The powdered pigments can be combined with the pigment pastes and thus produce extraordinary effects. They have to be mixed well with the resin. You can also use the pigments for other media, if you don't just want to work with resin alone. If stored dry and protected from light, they will last for years.

Alcohol inks are perfect to create transparent layers when mixed in resin, you can also create fascinating effects when dripped directly in the resin (Petri Art). However, they are not UV-resistant and require a protective varnish for additional UV protection after curing.

In contrast to alcohol inks, acrylic inks can create more opaque effects and are lightfast. You only need a few drops to color the resin, as they are highly pigmented. They last for several years and can be combined with many other painting techniques.

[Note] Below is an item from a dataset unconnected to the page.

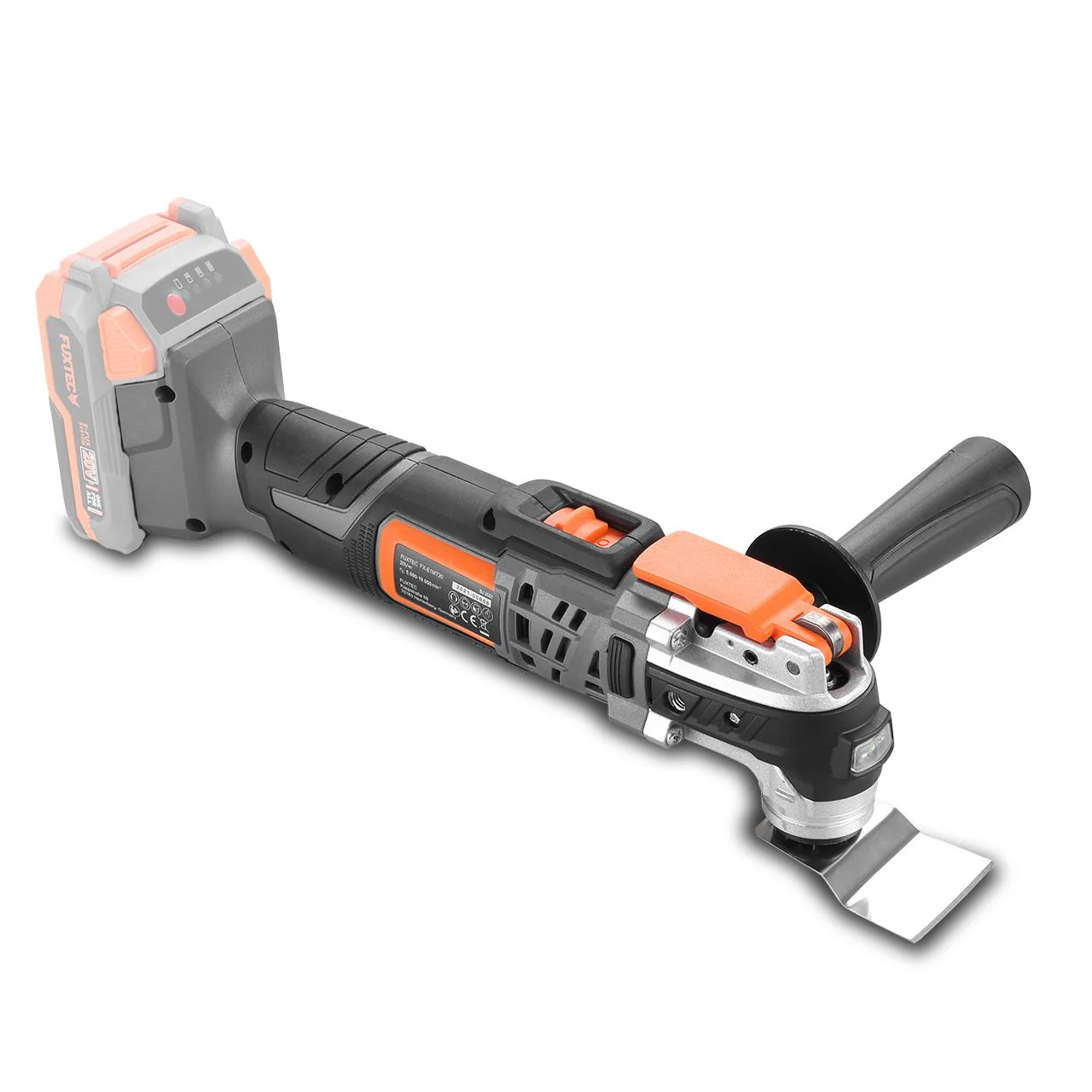 B-WARE Outil multifonction batterie 20V FUXTEC FX-E1MT20 - sans batterie ni chargeur - Image 3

Your resin can also be colored with high-quality acrylic paints. Don't add water to this mixture, this is not compatible with resin. Compared to the pigment pastes, the resin dries a bit more matte with acrylic paint. Especially in the beginning of your resin art journey you can experiment with the colors that you already have at home.

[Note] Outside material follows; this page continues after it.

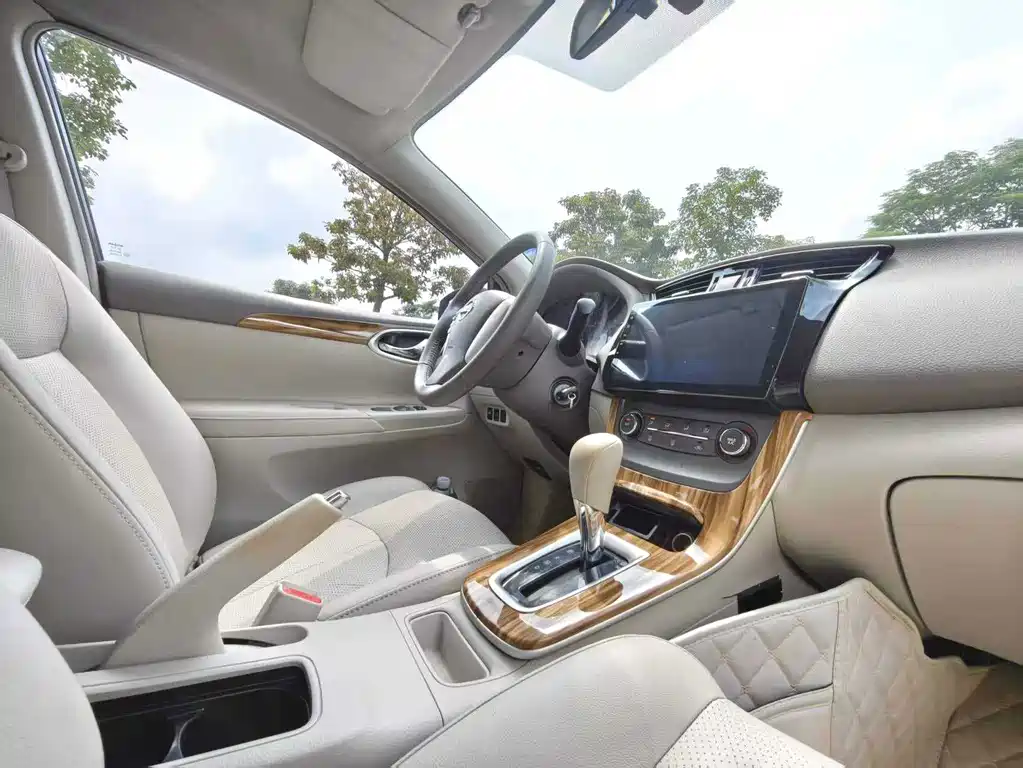Nissan Sylphy — миниатюра 8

You are not yet sure if you want to continue working with resin for the rest of your life? I would recommend to use pigments in powder form, acrylic inks and acrylic paint to start with, you can also use these with other painting media. The pigment pastes can only be used with resin. You can also combine resin with spray paints, glitter, sand and other decorative elements, there are no limits to your imagination.

This was an overview of the materials you will need to get started. I hope this article has been helpful. You can find more information about mixing and handling the resin here:

You are welcome to print it out and use it as a guideline for the beginning.

Which materials have you tried in combination with resin? Are there any tips and tricks you can recommend? Please leave a comment, like and share.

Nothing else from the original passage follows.